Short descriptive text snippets
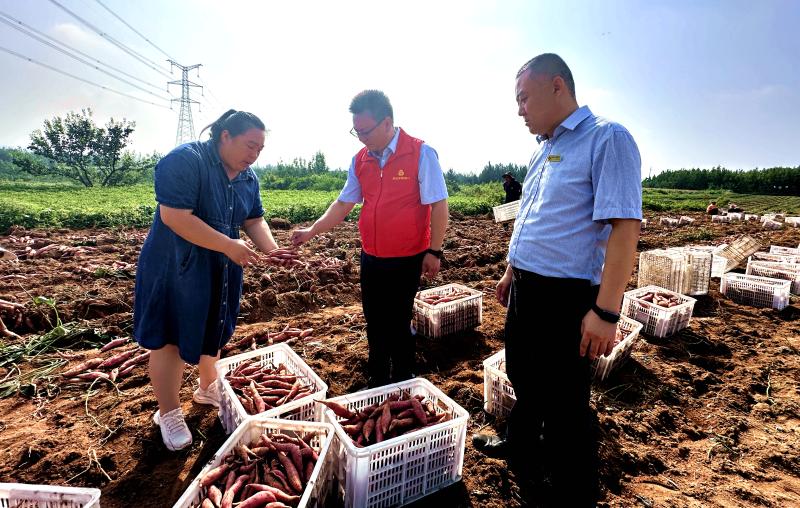 普洱瀾滄助力農(nóng)民增收,，優(yōu)質(zhì)薯種免費(fèi)贈(zèng)送，共赴薯業(yè)光明未來(lái)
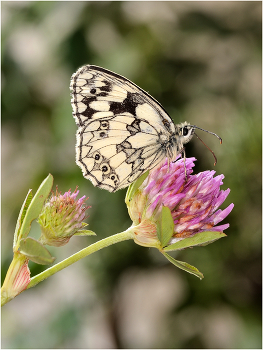 Пестроглазка галатея / Пестроглазка галатея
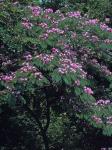 Albizia julibrissin Durazz.
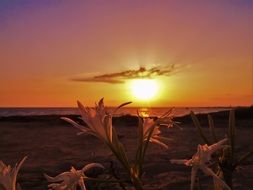 splendid Flowers Sunset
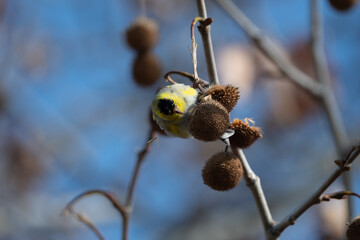 American Goldfinch (Carduelis tristis) Eating Sycamore Tree Seeds (Platanus occidentalis) in Early Spring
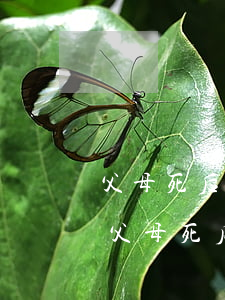 父母死后沒(méi)有遺囑房子怎么繼承(父母死后沒(méi)有遺囑房子怎么繼承)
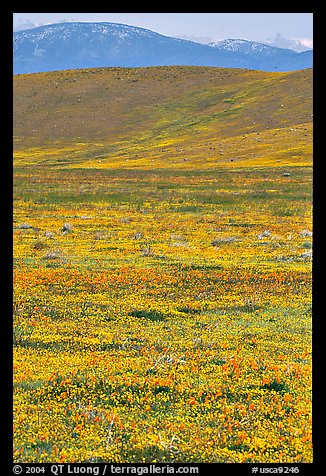 Hills W of the Preserve, covered with multicolored flowers. Antelope Valley, California, USA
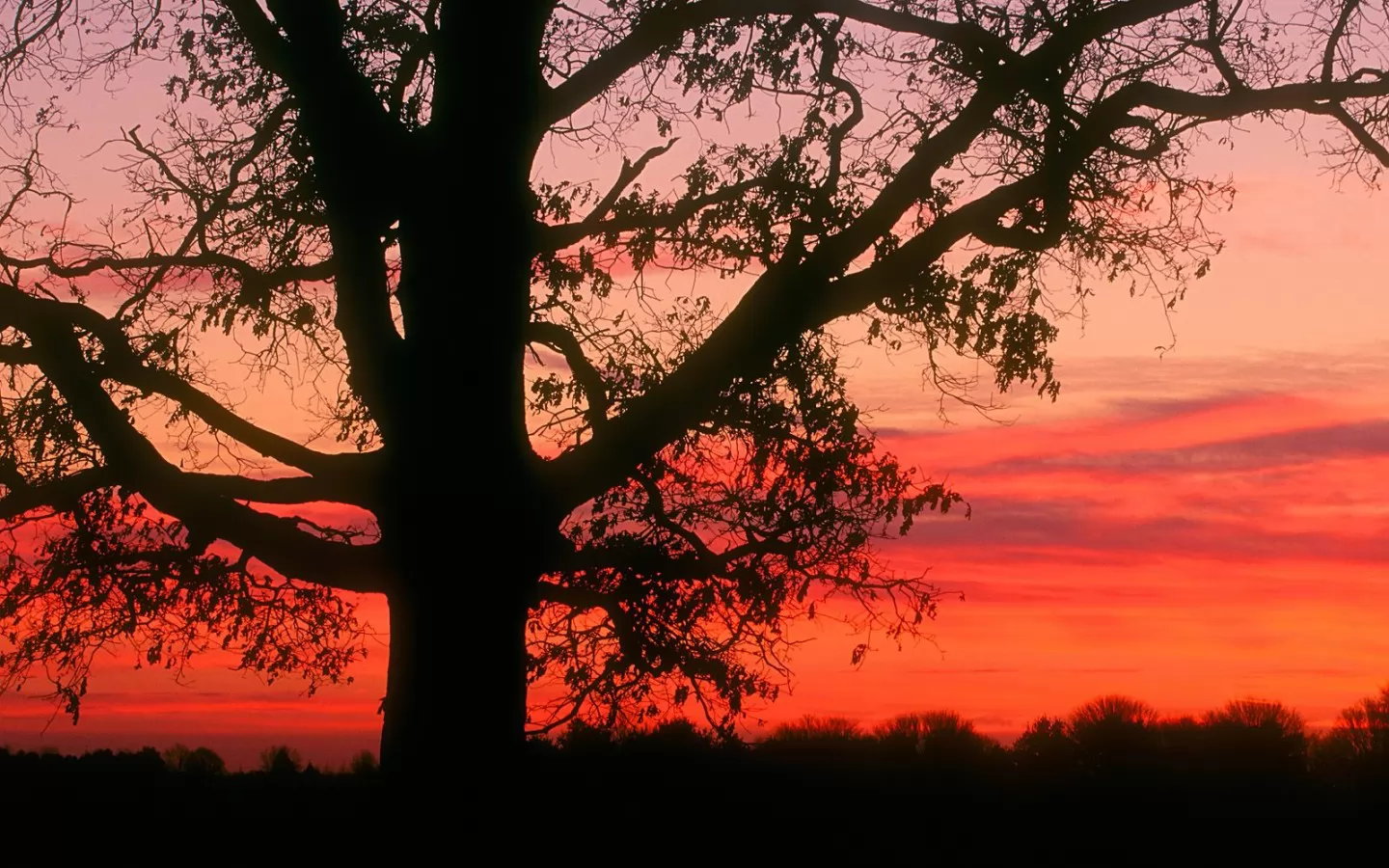 Деревья на фоне красного неба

- _WHAT YOU SHOULD DO_: The lines to return run from the line containing "splendid Flowers Sunset" through the last line of the records. Give them exactly, omitting pictures.

- _ANSWER TO THIS PROBLEM_:
 splendid Flowers Sunset
 American Goldfinch (Carduelis tristis) Eating Sycamore Tree Seeds (Platanus occidentalis) in Early Spring
 父母死后沒(méi)有遺囑房子怎么繼承(父母死后沒(méi)有遺囑房子怎么繼承)
 Hills W of the Preserve, covered with multicolored flowers. Antelope Valley, California, USA
 Деревья на фоне красного неба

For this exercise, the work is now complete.